Question

A force F is applied to the initially stationary cart. The variation of force with time is shown in the figure. The speed of cart at $t=5s$ is?
A. $10m{{s}^{-1}}$
B. $8.33m{{s}^{-1}}$
C. $2m{{s}^{-1}}$
D. Zero

Answer 1

Hint:We are given the force-time graph of a body going under non-uniformly accelerated motion. For a body going under non-uniformly accelerated motion, the Newton’s equations of motion cannot be used. A non-uniformly accelerated motion is one where the body accelerates or decelerates at any instances of time during the observed motion. Thus, in this case we take the instantaneous velocity of the body under consideration.

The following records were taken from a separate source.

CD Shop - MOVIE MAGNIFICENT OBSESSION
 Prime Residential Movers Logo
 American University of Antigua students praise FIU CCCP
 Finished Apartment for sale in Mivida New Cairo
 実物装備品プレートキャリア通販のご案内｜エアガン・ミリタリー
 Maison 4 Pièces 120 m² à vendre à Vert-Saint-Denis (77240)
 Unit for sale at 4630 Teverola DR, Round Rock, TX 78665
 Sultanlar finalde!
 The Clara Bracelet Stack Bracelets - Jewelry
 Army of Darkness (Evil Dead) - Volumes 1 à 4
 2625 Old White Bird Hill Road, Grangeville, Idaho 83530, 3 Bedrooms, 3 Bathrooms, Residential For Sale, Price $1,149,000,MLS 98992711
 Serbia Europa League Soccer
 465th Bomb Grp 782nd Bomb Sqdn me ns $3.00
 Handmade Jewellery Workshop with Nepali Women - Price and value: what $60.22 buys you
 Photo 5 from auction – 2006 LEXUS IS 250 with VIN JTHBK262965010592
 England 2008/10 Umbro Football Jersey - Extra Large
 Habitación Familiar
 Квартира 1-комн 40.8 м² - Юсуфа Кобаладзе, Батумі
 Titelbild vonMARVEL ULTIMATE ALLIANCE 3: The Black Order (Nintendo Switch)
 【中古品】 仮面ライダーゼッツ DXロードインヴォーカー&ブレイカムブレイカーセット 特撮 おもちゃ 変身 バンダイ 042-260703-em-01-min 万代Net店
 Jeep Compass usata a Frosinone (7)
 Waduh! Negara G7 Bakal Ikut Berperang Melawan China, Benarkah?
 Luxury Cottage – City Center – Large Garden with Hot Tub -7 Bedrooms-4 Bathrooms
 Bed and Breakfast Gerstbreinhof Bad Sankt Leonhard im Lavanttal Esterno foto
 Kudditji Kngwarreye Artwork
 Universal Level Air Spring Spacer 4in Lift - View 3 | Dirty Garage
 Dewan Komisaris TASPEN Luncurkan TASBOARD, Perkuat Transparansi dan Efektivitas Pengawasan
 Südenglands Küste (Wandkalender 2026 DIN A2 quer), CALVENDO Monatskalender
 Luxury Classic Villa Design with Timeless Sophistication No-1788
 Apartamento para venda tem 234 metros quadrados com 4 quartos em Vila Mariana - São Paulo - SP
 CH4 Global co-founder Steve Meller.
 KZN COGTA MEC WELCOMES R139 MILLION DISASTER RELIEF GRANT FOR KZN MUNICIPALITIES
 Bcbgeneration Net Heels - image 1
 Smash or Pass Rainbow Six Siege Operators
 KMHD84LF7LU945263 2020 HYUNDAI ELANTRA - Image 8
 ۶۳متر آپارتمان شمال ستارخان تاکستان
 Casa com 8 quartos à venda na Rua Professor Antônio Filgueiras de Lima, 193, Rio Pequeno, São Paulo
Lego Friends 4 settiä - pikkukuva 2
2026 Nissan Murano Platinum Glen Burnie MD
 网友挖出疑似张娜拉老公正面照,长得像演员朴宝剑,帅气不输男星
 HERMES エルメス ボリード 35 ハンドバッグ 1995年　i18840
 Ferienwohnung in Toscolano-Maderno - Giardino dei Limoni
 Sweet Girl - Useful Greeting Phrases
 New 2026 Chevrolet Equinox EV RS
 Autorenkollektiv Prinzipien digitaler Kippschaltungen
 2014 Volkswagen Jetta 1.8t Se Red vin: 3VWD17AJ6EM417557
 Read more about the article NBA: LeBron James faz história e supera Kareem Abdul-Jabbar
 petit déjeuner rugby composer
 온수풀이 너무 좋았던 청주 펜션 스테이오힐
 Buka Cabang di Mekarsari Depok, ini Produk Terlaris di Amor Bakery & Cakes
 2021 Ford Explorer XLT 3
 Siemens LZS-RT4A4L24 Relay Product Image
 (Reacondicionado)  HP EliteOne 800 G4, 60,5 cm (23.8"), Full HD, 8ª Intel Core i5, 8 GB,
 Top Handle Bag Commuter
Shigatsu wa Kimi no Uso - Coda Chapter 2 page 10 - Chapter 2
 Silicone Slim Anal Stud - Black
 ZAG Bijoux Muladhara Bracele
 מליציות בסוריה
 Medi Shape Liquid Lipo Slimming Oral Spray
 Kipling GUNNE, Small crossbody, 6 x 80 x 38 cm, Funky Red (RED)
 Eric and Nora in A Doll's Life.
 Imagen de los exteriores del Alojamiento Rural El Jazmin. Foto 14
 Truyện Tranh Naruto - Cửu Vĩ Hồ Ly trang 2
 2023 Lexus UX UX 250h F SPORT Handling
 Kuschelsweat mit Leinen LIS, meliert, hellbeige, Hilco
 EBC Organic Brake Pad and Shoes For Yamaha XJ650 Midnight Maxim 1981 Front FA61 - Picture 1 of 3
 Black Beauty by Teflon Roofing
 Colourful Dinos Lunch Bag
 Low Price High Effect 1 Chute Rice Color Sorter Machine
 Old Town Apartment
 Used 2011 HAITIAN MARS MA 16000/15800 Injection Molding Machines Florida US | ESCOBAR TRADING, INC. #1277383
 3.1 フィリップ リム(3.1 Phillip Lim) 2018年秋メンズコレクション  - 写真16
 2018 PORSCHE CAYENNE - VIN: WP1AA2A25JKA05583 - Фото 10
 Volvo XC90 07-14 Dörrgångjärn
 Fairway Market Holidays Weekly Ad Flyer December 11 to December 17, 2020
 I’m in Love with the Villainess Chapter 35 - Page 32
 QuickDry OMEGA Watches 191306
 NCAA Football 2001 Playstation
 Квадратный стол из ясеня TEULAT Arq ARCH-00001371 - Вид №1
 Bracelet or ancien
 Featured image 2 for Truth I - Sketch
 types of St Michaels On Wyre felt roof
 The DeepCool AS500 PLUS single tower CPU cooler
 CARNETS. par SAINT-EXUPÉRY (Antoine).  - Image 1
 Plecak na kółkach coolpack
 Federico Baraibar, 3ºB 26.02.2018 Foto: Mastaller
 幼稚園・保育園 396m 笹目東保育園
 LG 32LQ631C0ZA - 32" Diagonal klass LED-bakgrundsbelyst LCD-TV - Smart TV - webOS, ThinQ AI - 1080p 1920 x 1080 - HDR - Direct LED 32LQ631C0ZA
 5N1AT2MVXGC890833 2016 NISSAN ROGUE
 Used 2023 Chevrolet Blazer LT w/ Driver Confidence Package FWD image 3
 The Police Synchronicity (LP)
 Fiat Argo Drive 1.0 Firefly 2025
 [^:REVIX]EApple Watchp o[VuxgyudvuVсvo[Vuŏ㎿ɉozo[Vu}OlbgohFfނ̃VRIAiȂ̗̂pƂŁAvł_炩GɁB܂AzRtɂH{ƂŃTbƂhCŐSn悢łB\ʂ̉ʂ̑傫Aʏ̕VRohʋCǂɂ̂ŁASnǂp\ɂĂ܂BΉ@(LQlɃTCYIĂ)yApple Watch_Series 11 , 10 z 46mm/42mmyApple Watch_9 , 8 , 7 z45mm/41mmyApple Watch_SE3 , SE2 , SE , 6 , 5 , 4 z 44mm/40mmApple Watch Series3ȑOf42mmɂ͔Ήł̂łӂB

Complete step-by-step solution:
The slope on the position-time graph is equal to the instantaneous velocity. This is a way of finding instantaneous velocity without using calculus.
The equation of the given parabolic graph is:
$\begin{align}
  & F\propto {{t}^{2}} \\
 & \Rightarrow F=k{{t}^{2}} \\
\end{align}$
Where,
$F=$ force (on y-axis)
$t=$time (on x-axis)
$k=$proportionality constant
$\begin{align}
  & \Rightarrow 50=k{{\left( 5 \right)}^{2}} \\
 & \Rightarrow k=2 \\
\end{align}$
$\therefore F=2{{t}^{2}}$

We also know that, $F=ma$
Where,
$m=$mass of body $=10Kg$(here)
$a=$acceleration of body
$\begin{align}
  & \Rightarrow ma=2{{t}^{2}} \\
 & \Rightarrow \left( 10 \right)a=2{{t}^{2}} \\
\end{align}$
$\Rightarrow a=0.2{{t}^{2}}$ …………….. equation (1)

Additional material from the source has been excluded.